Sodium salt surface interactions affect single particle combustion behavior of biomass, coal, and their chars


Fuel, vol.354, 2023 (SCI-Expanded) identifier identifier

  • Publication Type: Article / Article
  • Volume: 354
  • Publication Date: 2023
  • Doi Number: 10.1016/j.fuel.2023.129259
  • Journal Name: Fuel
  • Journal Indexes: Science Citation Index Expanded (SCI-EXPANDED), Scopus, Academic Search Premier, PASCAL, Aerospace Database, Biotechnology Research Abstracts, Chemical Abstracts Core, Chimica, Communication Abstracts, Compendex, INSPEC, Metadex, Pollution Abstracts, Civil Engineering Abstracts
  • Keywords: Biomass & lignite, Crosslinking network, Raman, Single particle combustion, Sodium salt treatment, Wire mesh reactor
  • Middle East Technical University Affiliated: Yes


Sodium salt additions provide an effective route for tuning the combustion behavior of solid fuels.
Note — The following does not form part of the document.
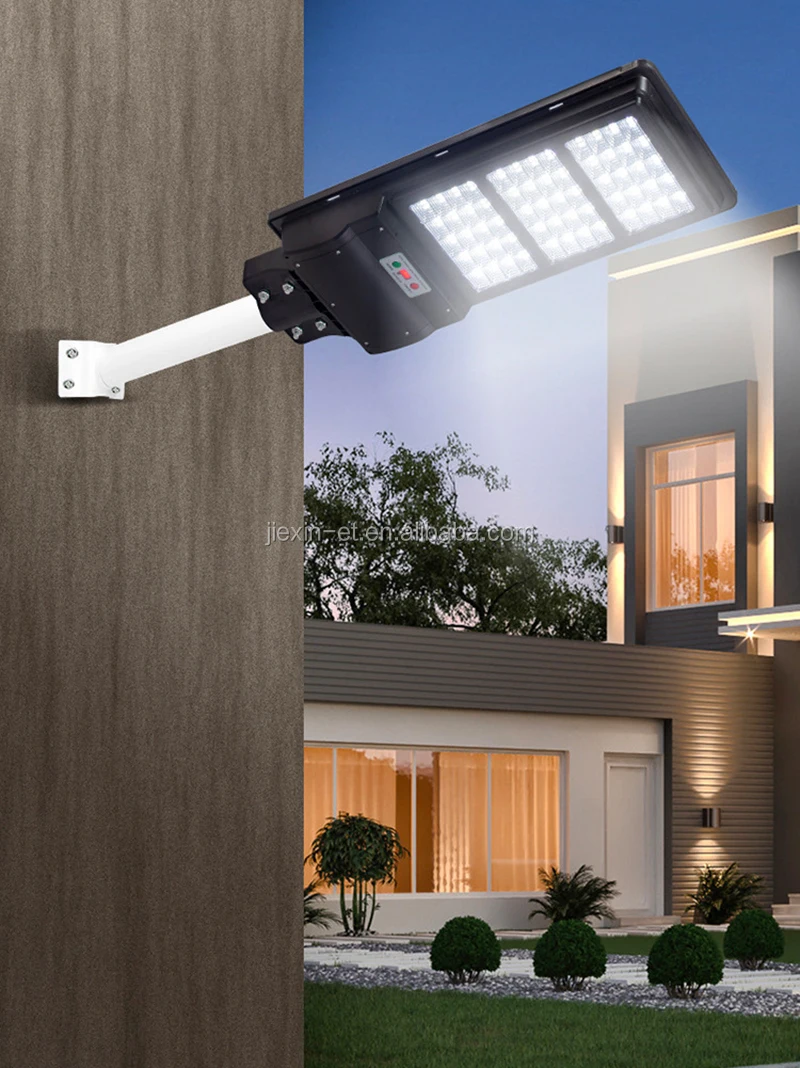 High Efficiency IP65 Solar Panel 90W150W 200W Integrated All In One Led Solar Street Light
The salt-fuel surface interactions play a key role in combustion, as demonstrated by low heating rate experiments. High heating rate single particle studies have not investigated the effect of surface interactions and microstructural changes for sodium salt-treated fuels. In this work, the effect of three different sodium salt treatments were investigated on the single particle combustion characteristics of two distinct solid fuels and their corresponding chars. This approach probed the influence of microstructural changes and the formation of oxidation-resistive functional groups during high heating rate combustion. The separate characterization of biomass, coal, and their respective chars aimed at identifying the effect of sodium during different stages of combustion. The investigation encompassed Tunçbilek lignite (TL), olive residue (OR), and their fast pyrolysis chars (TLc and ORc) obtained from a wire mesh reactor at 600 °C. Both pristine and char particles were treated with Na2CO3, NaOH, and NaAlO2 to investigate the catalytic/inhibiting effects at different stages of combustion, namely, ignition, volatile combustion, and char combustion. All samples were burned as single particles at a high heating rate, WMR (1600 °C s−1). Treated OR samples provided earlier ignition reaching ∼ 0.4 s for OR-OH and shorter char combustion times around ∼ 2.8 s mg−1 for OR-CO3. On the contrary, treated TL samples depicted slightly higher ignition delay (3.0 s for TL-OH) and prolonged char combustion (11.2 s mg−1 for TL-OH) compared to TL (2.3 s, 8.2 s mg−1). Treated TLc samples also exhibited higher ignition delay due to the hygroscopic behavior of the sodium salts, which is more pronounced in TLc-OH (5.5 s). All treated chars exhibited shorter char combustion times except TLc-OH. Overall, sodium salt additions improved characteristic combustion times of biomass and chars while inhibiting those of lignites. The inhibitive effect of sodium salts on treated OR and ORc samples was more pronounced for TGA experiments due to the alkali interaction with the lignocellulosic component and a prolonged heating-up period. The findings demonstrate the importance of high heating rate characterization to accurately understand the sodium salt additions on combustion performance.